Accepting that auto-renewing contracts and introductory offers are legal, the announcement focusses on transparency and the ease with which customers can turn off auto-renewal and request a refund. The development has implications for companies offering subscription services in the UK, especially those that automatically renew and/or with annual or longer subscription periods.
Key emerging points for subscription providers
The key points in the announcement relate to:
- Accessibility and transparency of key terms: the CMA emphasises the accessibility and transparency of key information at multiple points throughout the customer journey.

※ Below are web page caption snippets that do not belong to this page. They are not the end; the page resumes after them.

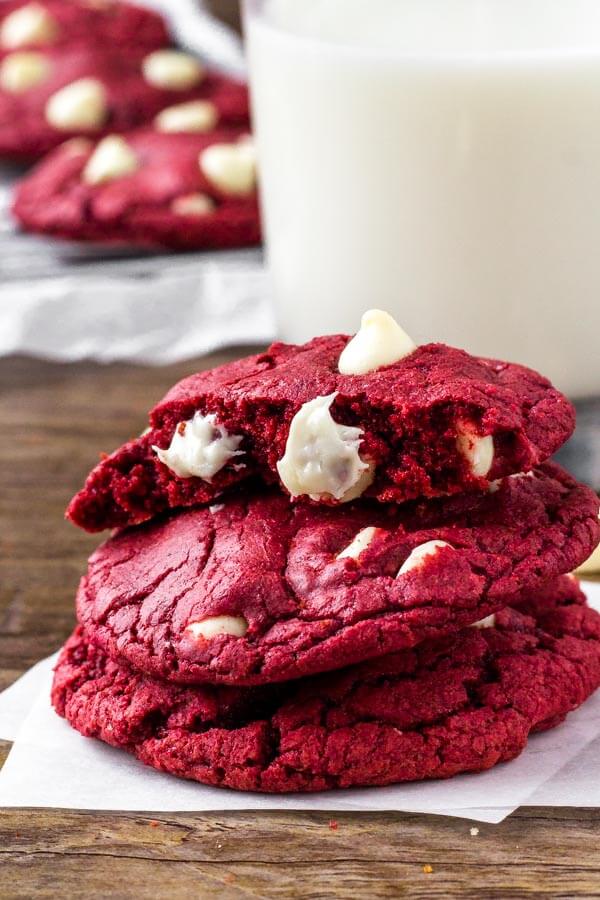 These Red Velvet Cake Mix Cookies are soft, chewy & filled with white chocolate chips. There's only 4 ingredients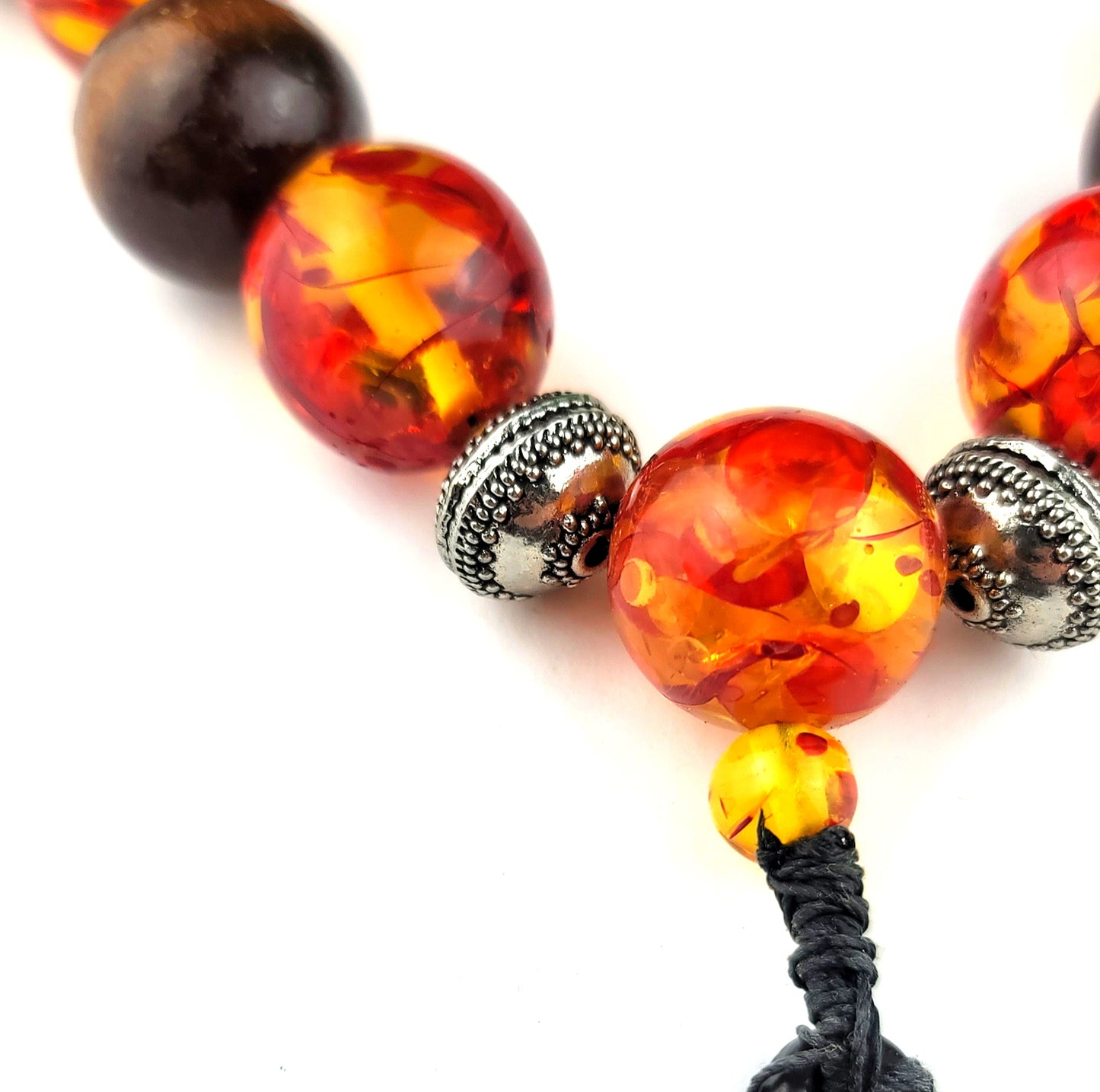 Synthetic Amber, Bodhi Wood Grand Master Mala Necklace by J.J. Dean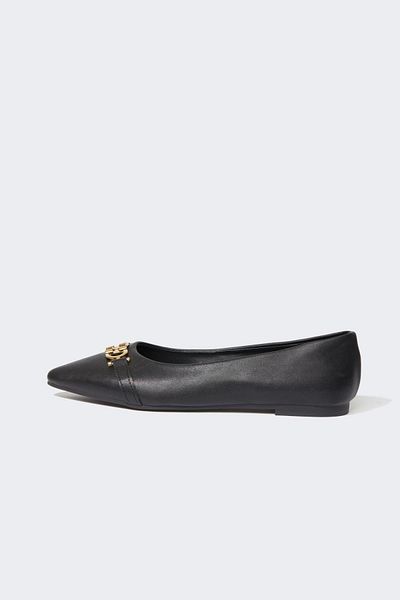 DeFacto Women's Flat Sole Slip On Faux Leather Ballerinas Z3262az23sp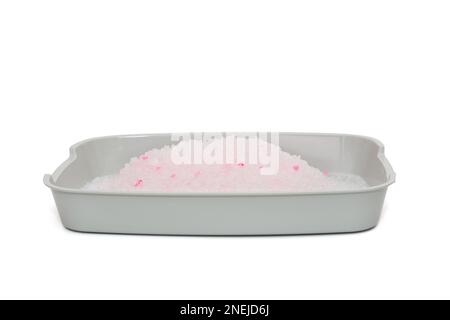 WC per gatti con riempitivo in gel di silice, isolato su fondo bianco Foto Stock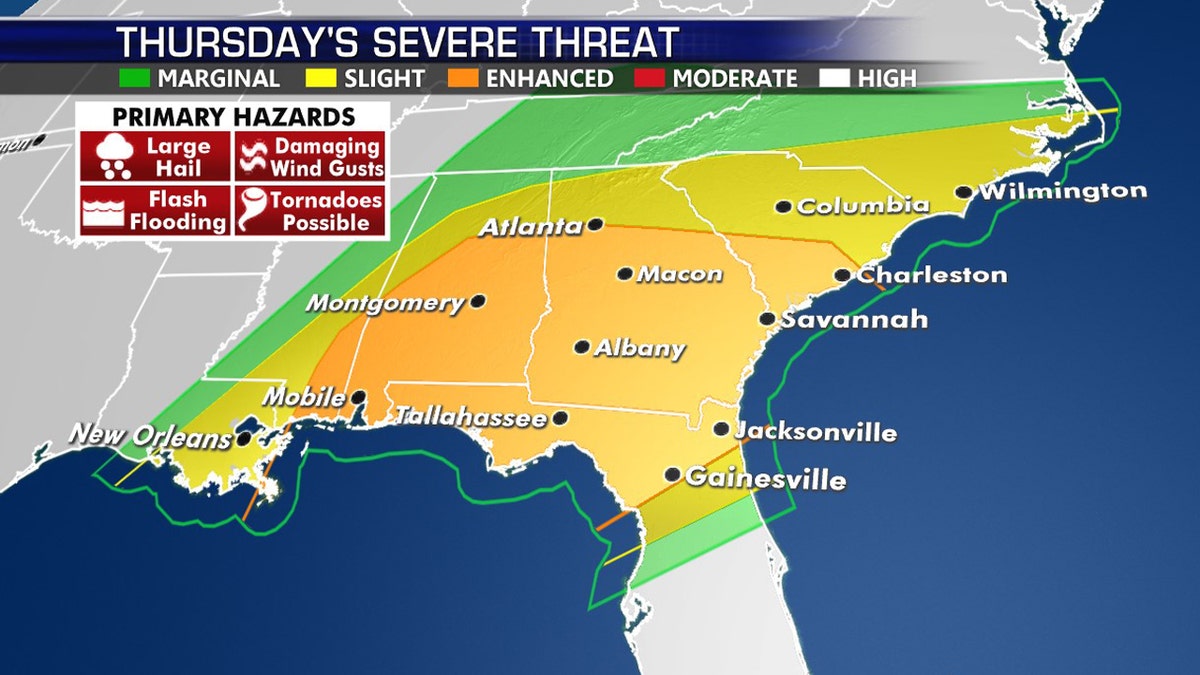 The threat for severe weather shifts east by Thursday.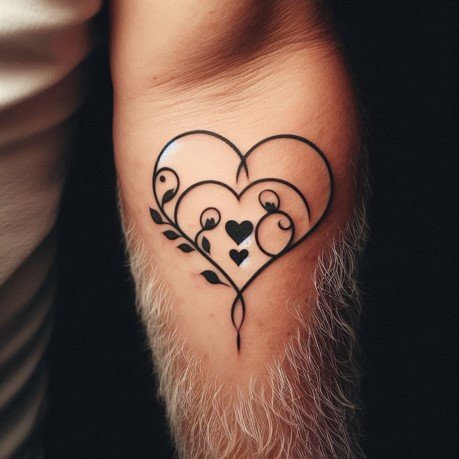 unique heart tattoos for grandchildren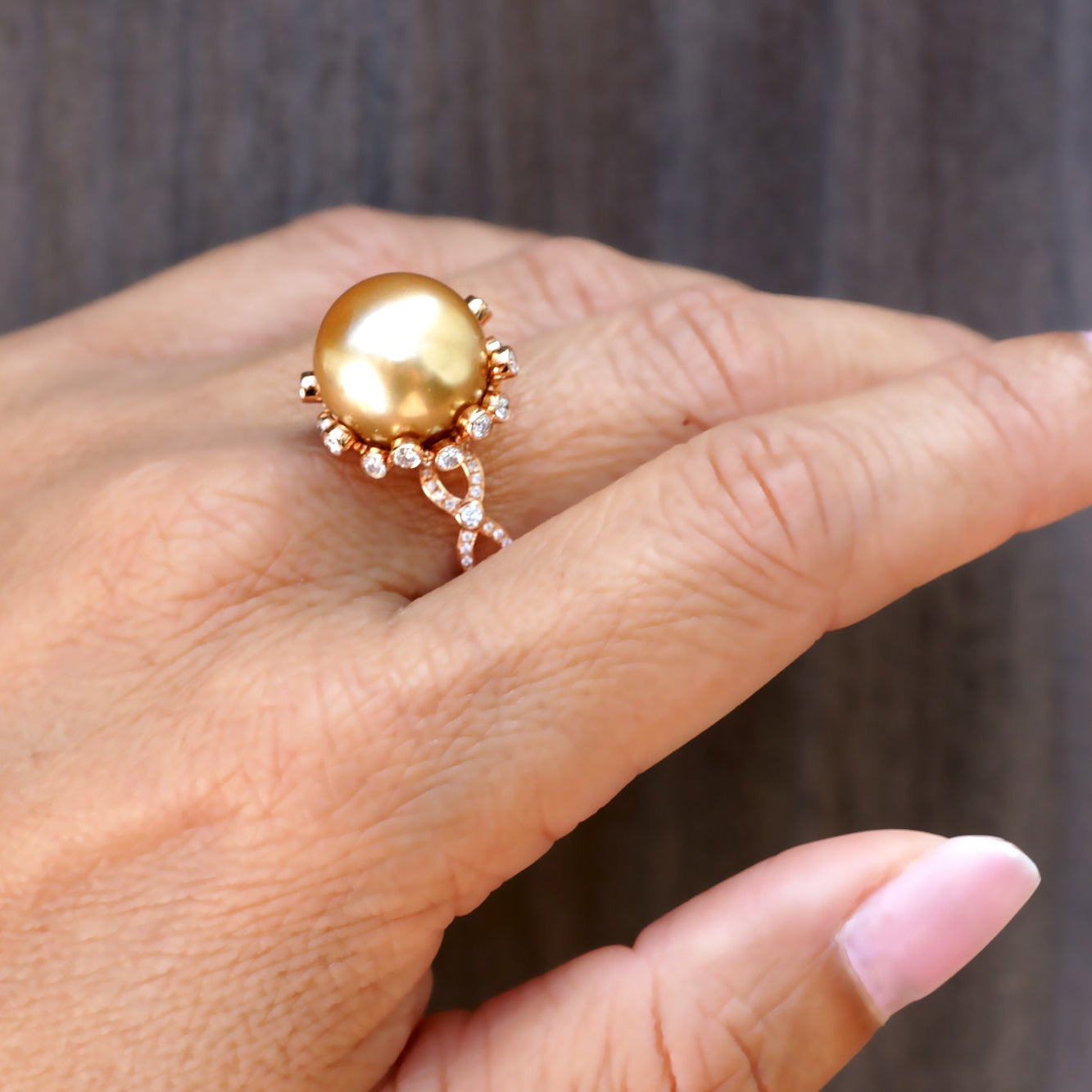 The Quince Golden Pearl Diamond Ring (13.1 mm)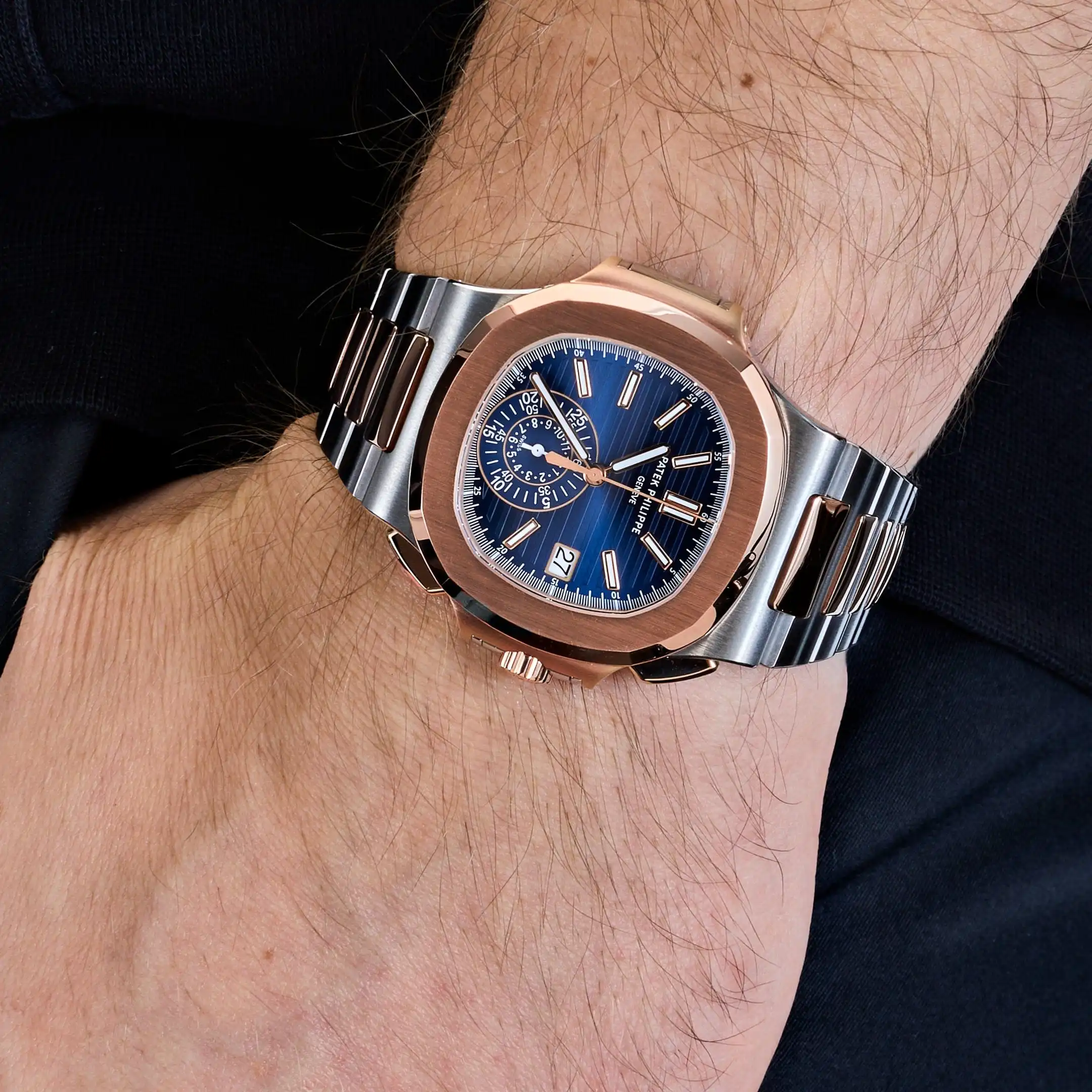 Replica Patek Philippe Nautilus 5980/1AR-001 Chronograph Stainless Steel Rose Gold Blue Dial - Image 2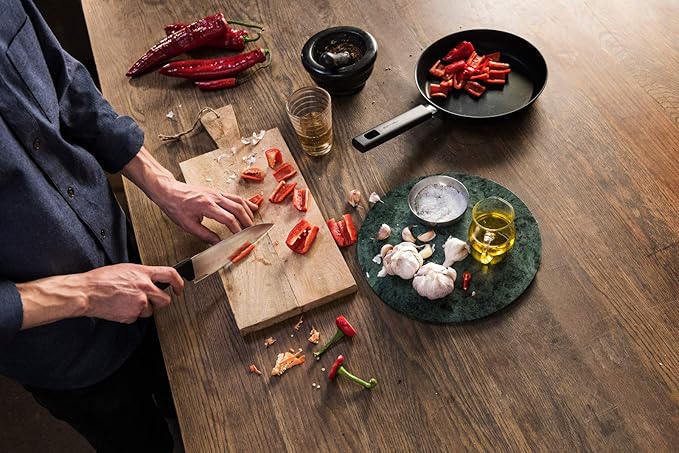 Fiskars Hard Edge Medium 6.8" Chef Knife - Japanese Stainless Steel Blade Stays Sharp for Everyday Use - Non-Slip Handle for Effortless Cutting - Dishwasher Safe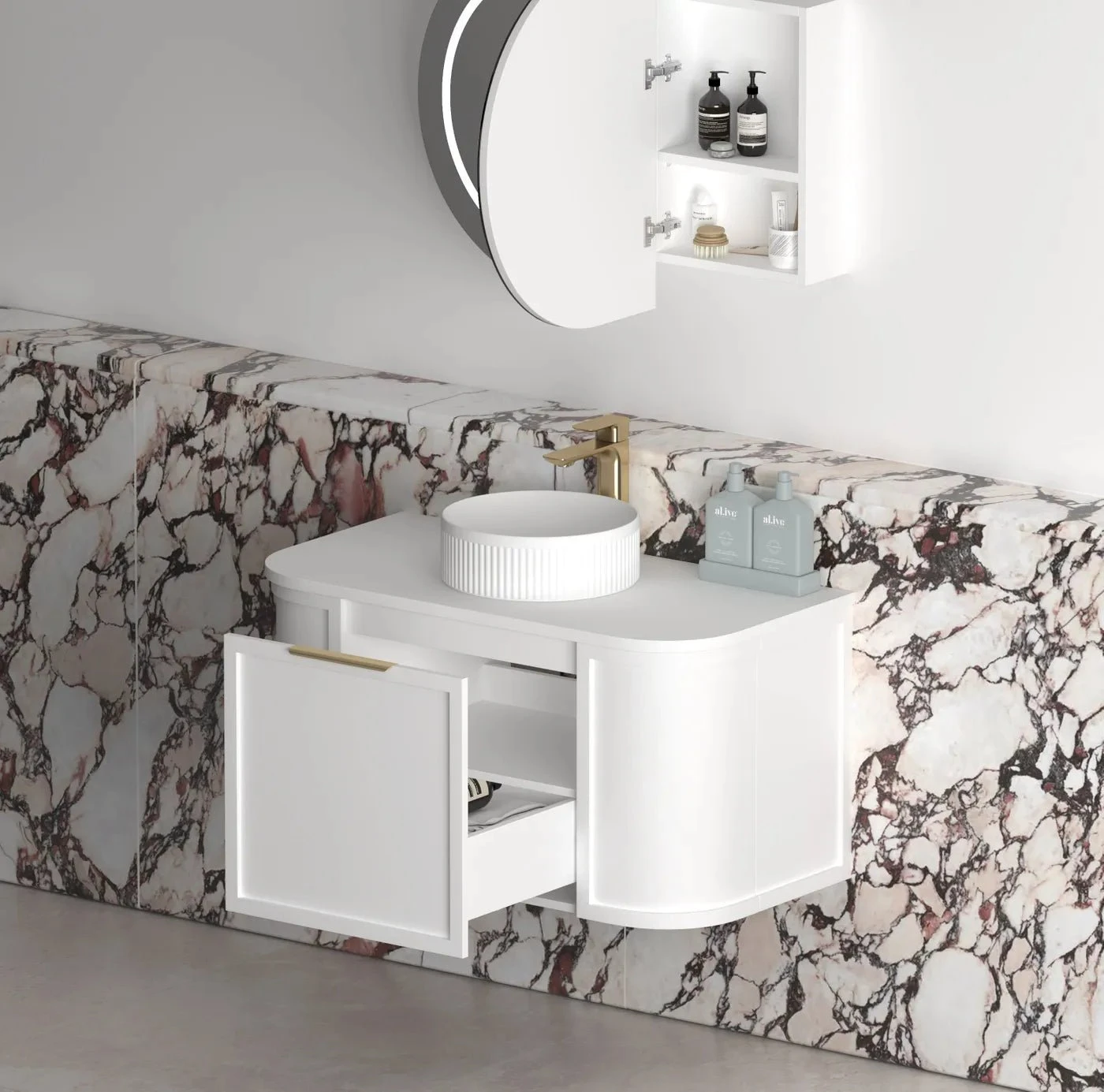 Hampshire 600-1800mm Satin White Wall Hung Vanity 2 Hampshire 600-1800mm Satin White Wall Hung Vanity - Image 2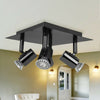 Large Modern Black Chrome 4 Way GU10 Kitchen Ceiling Spot Light Spotlight Lights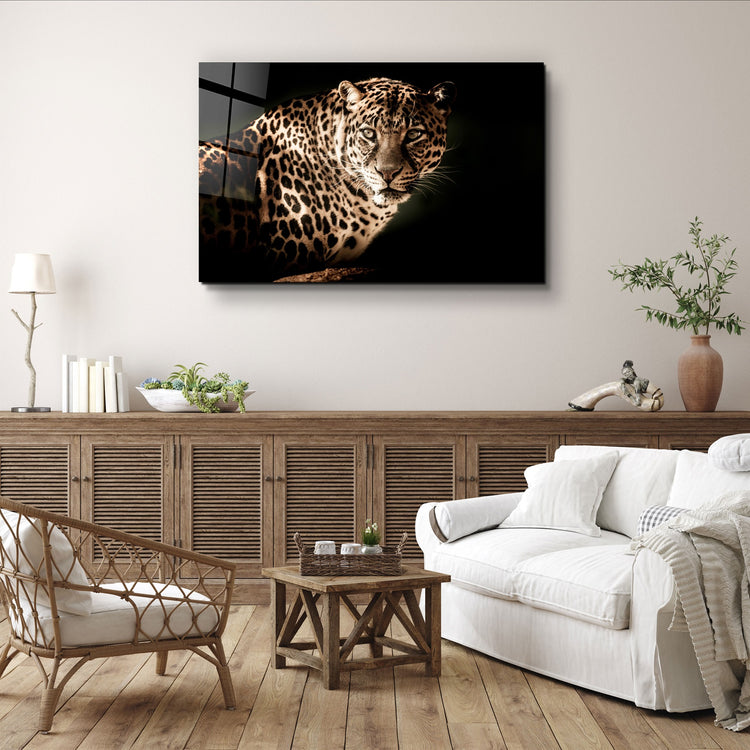 ・"Leopard"・Glass Wall Art | Artdesigna Glass Printing Wall Arts.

According to the announcement, customers must be ‘made aware, up front, that their contract will auto-renew, [of] the price they will be charged for the product upon automatic renewal and [of] when the money will be taken’. The CMA wants to ensure key terms are communicated clearly and prominently before the consumer takes a transactional decision.
- Cancellation mechanism: the CMA wants companies to offer a simple, straightforward and substantially automated online mechanism to turn off (disable) auto-renewal and exit the contract. This may have ramifications for other subscription companies, particularly those with less sophisticated online account and refund processes.
- Refunds: the CMA wants consumers to be able to claim a refund, in particular in scenarios where a contract may have ‘rolled over’.
- Pricing display: with introductory offers, the CMA says that companies must make the basis for any discounts/offers clear. However, the CMA has not sought to ban introductory offers per se, whereas the Financial Conduct Authority wants to prohibit the use of introductory offers and so-called ‘price walking’ for general insurance products.
- Consent to auto-renewal: although the CMA has not banned contract auto-renewals, the firms in this case voluntarily agreed to introduce a new ‘tick box’ consent mechanism by which consumers can expressly acknowledge before purchase that they are signing up to an auto-renewing product.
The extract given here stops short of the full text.